§ DATA FOR ANALYSIS
"""
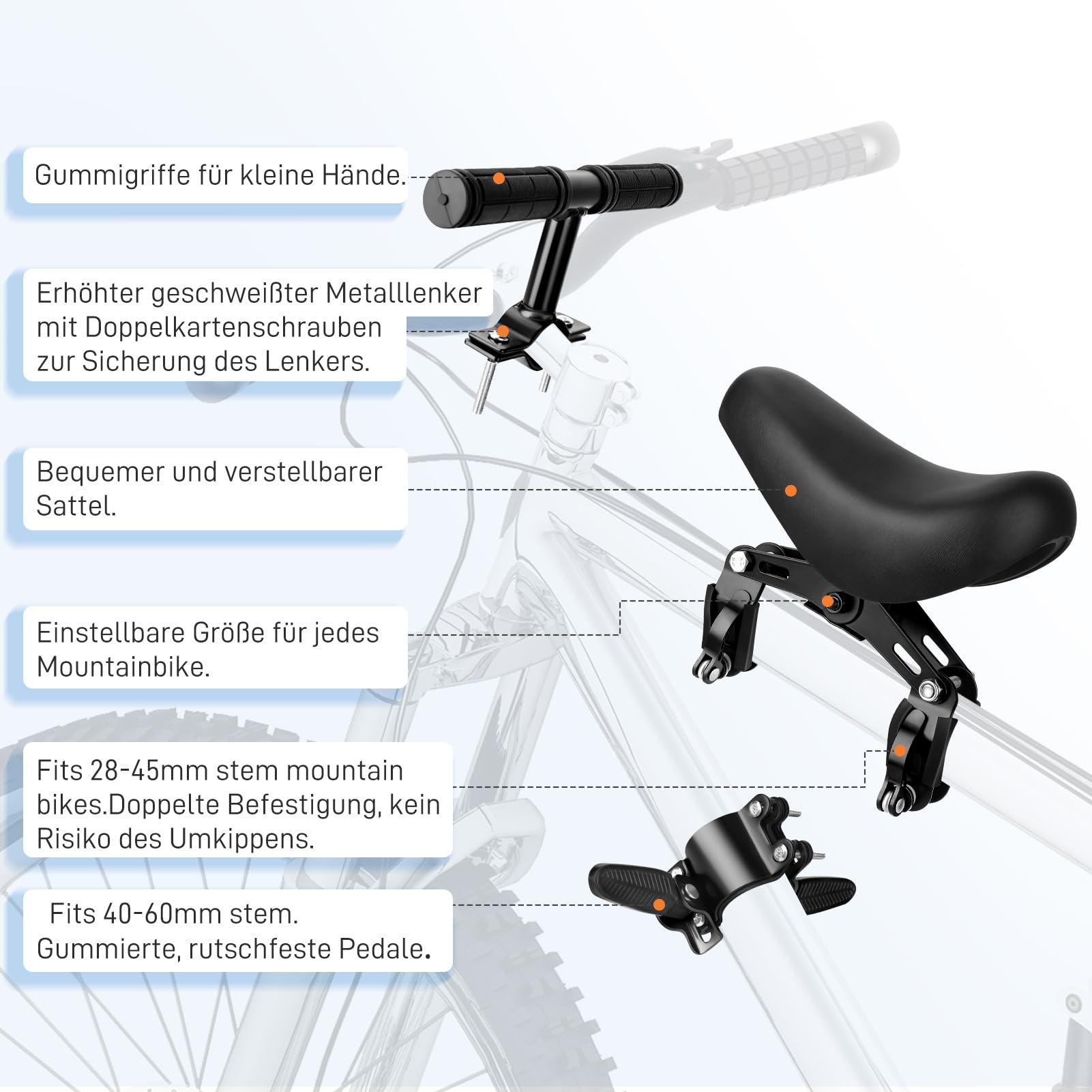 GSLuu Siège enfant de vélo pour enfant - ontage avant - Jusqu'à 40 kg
"""
"""
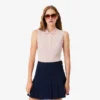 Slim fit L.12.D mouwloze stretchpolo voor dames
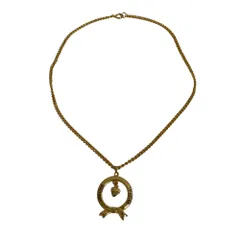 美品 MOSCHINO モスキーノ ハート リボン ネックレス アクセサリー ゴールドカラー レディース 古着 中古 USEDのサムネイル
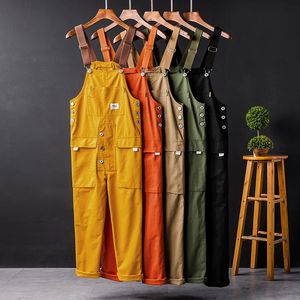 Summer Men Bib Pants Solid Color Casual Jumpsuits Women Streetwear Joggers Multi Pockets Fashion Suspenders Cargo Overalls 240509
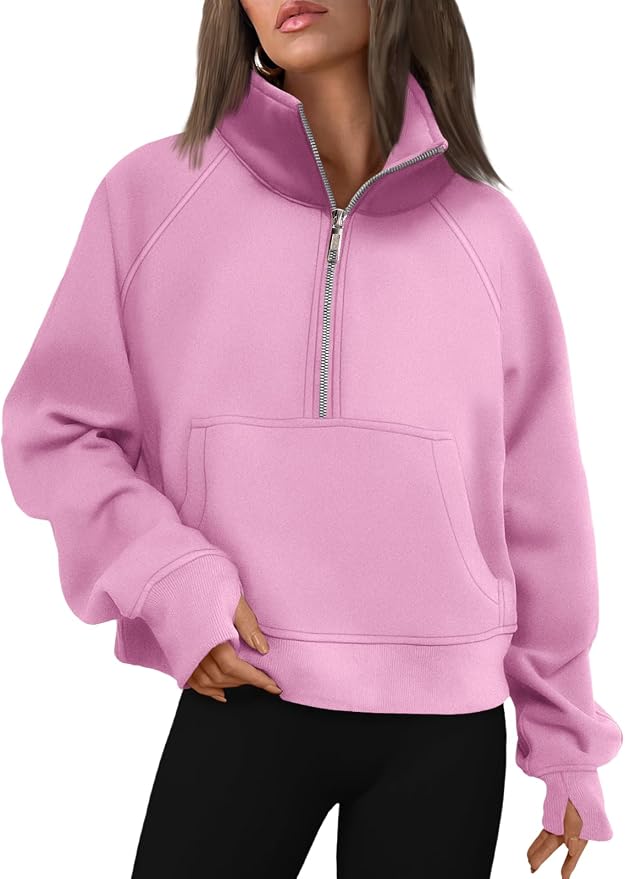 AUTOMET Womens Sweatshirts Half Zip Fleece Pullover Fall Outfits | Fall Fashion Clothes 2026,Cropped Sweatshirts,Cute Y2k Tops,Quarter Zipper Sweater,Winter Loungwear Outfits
"""
"""
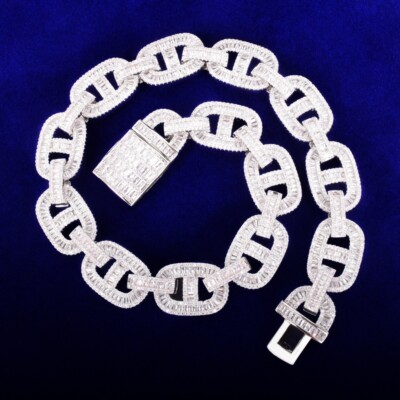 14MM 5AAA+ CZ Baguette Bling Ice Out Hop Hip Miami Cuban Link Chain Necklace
"""
§ ABOUT THIS EXERCISE
Could you write out exactly the lines of the data above that run from the one holding "Slim fit L.12.D" to the one holding "AUTOMET Womens Sweatshirts", with both ends in and all pictures out?

§ TASK OUTPUT
 Slim fit L.12.D mouwloze stretchpolo voor dames
 美品 MOSCHINO モスキーノ ハート リボン ネックレス アクセサリー ゴールドカラー レディース 古着 中古 USEDのサムネイル
 Summer Men Bib Pants Solid Color Casual Jumpsuits Women Streetwear Joggers Multi Pockets Fashion Suspenders Cargo Overalls 240509
 AUTOMET Womens Sweatshirts Half Zip Fleece Pullover Fall Outfits | Fall Fashion Clothes 2026,Cropped Sweatshirts,Cute Y2k Tops,Quarter Zipper Sweater,Winter Loungwear Outfits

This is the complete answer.